La Brasil que comanda Neymar con una pasmosa naturalidad juega siempre al límite de las emociones. Abrazan en comunidad una especie de éxtasis místico cuando braman eso del ‘Terra adorada entre outras mil és tu, Brasil, ó pátria amada‘. Y a partir de ahí, con el corazón sometiendo a la cabeza, disputan un partido bajo un ritmo emocional prácticamente insostenible. Llaman a la grada, se excitan en cada lance cotidiano del juego alentados desde su propio banquillo y llevan el duelo al plano de la visceralidad extrema sin posibilidad de retorno. Y todo parece una consigna evidente de su técnico, empeñado en sostener el partido sobre el umbral lógico de frecuencia cardíaca con una continua batalla, tanto dialéctica como gestual, planteada desde su área técnica. Ante la ausencia de fútbol, futbolistas en trance. Ante la ausencia de ideas, emociones a flor de piel.

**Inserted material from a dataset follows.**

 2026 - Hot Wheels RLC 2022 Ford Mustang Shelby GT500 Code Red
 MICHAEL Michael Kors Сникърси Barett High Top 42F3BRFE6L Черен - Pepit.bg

Solo Thiago Silva y Marcelo, abochornados en su papel de veteranos, parecen capacitados para poner un punto de sensatez entre tanta desmesura impúber.
El equipo hiperemocional de Tité tira de pasión para llegar hasta donde no llega su juego, confiado imprudentemente a la incuestionable habilidad de sus hombres de vanguardia. Pero encierra un delicado peligro, siempre latente. No es sencillo gestionar el devenir de un partido definitivo, de un choque eliminatorio, con el estómago encogido por la tensión. Si el resultado acompaña, si la comunión con la grada no se quiebra y si el desarrollo del encuentro no se pone caprichoso, la emotividad puede llegar a funcionar y a disparar incluso el juego del equipo. Si, por el contrario, el partido no avanza por donde la canarinha prevé, si las cosas no salen, si la grada se impacienta y comienza a señalar camisetas, entonces el equilibrio se rompe y el horizonte comienza a sembrarse de dudas. Uno espera otra cosa de una selección pentacampeona del mundo y que se presenta como una de las favoritas a reeditar la gloria. Una mayor destreza a la hora de jugar con la emotividad de cada lance. Tengo la sensación de que, en los encuentros que restarían aún a una hipotética Brasil campeona del mundo, vamos a vivir episodios en los que la teatralización del juego y la visceralidad de la Seleçao va a terminar jugando en contra de sus propios intereses. Tal debe ser el pánico a la derrota y el fracaso bajo esa presión inaudita. Contra la débil Costa Rica libraron por poco y la performance brasileira vivió una apoteosis final repleta de rezos, plegarias y lágrimas incontenibles que ofrece pocas dudas sobre el camino que continuará marcando el inefable Tité.